■ **Aim of the exercise**:
Go to the line in the entries below that holds "Ladytree S925 Sterling" and repeat exactly from there through the line that holds "Men's Contrast Color", inclusive.

■ **Saved entries**:
::::::

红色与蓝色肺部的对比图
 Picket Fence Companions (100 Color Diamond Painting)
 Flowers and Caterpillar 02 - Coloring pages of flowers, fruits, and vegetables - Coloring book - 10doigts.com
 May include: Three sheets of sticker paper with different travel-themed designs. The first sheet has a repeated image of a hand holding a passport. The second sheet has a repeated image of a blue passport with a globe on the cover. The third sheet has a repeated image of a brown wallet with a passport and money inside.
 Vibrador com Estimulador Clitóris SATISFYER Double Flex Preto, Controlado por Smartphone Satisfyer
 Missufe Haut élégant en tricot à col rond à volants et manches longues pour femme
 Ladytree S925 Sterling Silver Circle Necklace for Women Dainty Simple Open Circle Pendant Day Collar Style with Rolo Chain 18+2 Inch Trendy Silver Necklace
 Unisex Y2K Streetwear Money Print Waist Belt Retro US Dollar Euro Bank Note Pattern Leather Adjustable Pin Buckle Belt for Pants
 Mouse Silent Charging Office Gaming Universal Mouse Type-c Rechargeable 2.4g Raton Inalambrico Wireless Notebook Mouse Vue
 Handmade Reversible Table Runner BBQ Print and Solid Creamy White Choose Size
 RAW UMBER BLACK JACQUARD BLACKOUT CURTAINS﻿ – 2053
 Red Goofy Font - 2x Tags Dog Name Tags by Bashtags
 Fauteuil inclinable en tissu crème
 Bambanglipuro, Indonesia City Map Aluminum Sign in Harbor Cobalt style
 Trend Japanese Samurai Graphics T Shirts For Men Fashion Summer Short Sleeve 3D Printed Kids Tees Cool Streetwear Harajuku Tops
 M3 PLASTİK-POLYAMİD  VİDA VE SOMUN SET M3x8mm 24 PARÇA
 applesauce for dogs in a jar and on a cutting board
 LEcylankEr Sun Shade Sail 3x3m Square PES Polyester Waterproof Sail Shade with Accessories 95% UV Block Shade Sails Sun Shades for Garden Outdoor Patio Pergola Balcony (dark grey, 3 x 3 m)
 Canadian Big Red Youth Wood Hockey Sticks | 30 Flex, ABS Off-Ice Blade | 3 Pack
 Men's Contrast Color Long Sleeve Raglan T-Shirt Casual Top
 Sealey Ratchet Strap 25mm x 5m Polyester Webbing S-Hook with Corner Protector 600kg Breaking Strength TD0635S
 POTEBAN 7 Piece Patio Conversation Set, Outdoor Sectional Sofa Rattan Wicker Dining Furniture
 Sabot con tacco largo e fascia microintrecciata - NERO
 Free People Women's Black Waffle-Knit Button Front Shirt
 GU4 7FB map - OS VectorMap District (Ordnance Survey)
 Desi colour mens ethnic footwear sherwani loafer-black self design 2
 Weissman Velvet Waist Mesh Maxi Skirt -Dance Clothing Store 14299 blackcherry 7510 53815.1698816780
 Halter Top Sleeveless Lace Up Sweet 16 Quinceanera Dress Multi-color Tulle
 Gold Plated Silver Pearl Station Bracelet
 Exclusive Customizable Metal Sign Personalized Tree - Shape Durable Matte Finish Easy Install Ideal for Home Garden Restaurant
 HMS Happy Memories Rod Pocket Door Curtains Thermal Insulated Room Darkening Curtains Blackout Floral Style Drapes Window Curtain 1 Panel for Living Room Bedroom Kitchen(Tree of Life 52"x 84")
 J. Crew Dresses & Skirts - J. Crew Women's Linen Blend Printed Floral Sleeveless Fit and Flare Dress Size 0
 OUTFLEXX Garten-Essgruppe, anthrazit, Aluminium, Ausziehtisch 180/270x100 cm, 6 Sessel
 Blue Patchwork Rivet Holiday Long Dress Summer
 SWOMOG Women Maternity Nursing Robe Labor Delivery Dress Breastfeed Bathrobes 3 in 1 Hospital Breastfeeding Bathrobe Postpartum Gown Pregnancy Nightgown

::::::

■ **Output below**:
 Ladytree S925 Sterling Silver Circle Necklace for Women Dainty Simple Open Circle Pendant Day Collar Style with Rolo Chain 18+2 Inch Trendy Silver Necklace
 Unisex Y2K Streetwear Money Print Waist Belt Retro US Dollar Euro Bank Note Pattern Leather Adjustable Pin Buckle Belt for Pants
 Mouse Silent Charging Office Gaming Universal Mouse Type-c Rechargeable 2.4g Raton Inalambrico Wireless Notebook Mouse Vue
 Handmade Reversible Table Runner BBQ Print and Solid Creamy White Choose Size
 RAW UMBER BLACK JACQUARD BLACKOUT CURTAINS﻿ – 2053
 Red Goofy Font - 2x Tags Dog Name Tags by Bashtags
 Fauteuil inclinable en tissu crème
 Bambanglipuro, Indonesia City Map Aluminum Sign in Harbor Cobalt style
 Trend Japanese Samurai Graphics T Shirts For Men Fashion Summer Short Sleeve 3D Printed Kids Tees Cool Streetwear Harajuku Tops
 M3 PLASTİK-POLYAMİD  VİDA VE SOMUN SET M3x8mm 24 PARÇA
 applesauce for dogs in a jar and on a cutting board
 LEcylankEr Sun Shade Sail 3x3m Square PES Polyester Waterproof Sail Shade with Accessories 95% UV Block Shade Sails Sun Shades for Garden Outdoor Patio Pergola Balcony (dark grey, 3 x 3 m)
 Canadian Big Red Youth Wood Hockey Sticks | 30 Flex, ABS Off-Ice Blade | 3 Pack
 Men's Contrast Color Long Sleeve Raglan T-Shirt Casual Top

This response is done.